Reproduce, from the lines below, exactly the stretch that begins at the line containing "Onkyo OnkyoTX-NR6100 AV" and ends at the line containing "Emrich-Schönleber, Weissburgunder Trocken", both included.

-- EXERCISE DATA --
==========

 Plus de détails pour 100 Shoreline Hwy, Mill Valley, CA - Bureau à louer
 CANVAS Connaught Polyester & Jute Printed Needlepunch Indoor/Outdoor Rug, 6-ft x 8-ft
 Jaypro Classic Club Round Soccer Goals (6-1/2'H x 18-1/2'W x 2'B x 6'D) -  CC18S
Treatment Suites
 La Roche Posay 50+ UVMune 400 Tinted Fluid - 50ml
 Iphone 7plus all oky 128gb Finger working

==========

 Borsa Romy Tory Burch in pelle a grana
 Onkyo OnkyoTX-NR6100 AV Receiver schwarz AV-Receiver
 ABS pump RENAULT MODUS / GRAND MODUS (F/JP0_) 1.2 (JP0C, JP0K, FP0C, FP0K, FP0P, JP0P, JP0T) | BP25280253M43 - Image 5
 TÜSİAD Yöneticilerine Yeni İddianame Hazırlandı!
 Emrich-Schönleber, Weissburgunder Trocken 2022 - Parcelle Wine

==========

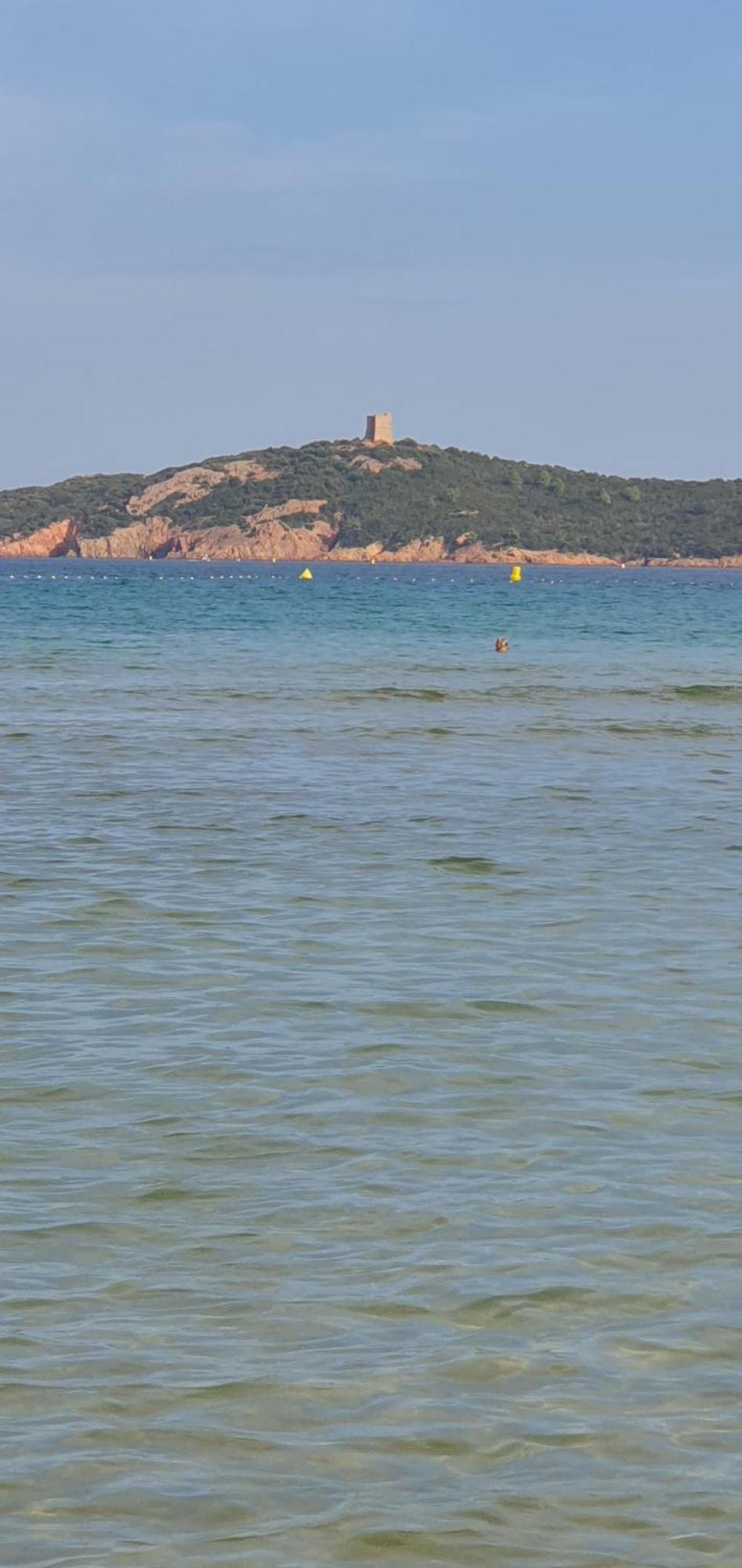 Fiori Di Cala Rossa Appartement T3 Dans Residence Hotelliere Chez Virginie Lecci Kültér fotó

==========

-- SOLUTION FOR THIS TASK --
 Onkyo OnkyoTX-NR6100 AV Receiver schwarz AV-Receiver
 ABS pump RENAULT MODUS / GRAND MODUS (F/JP0_) 1.2 (JP0C, JP0K, FP0C, FP0K, FP0P, JP0P, JP0T) | BP25280253M43 - Image 5
 TÜSİAD Yöneticilerine Yeni İddianame Hazırlandı!
 Emrich-Schönleber, Weissburgunder Trocken 2022 - Parcelle Wine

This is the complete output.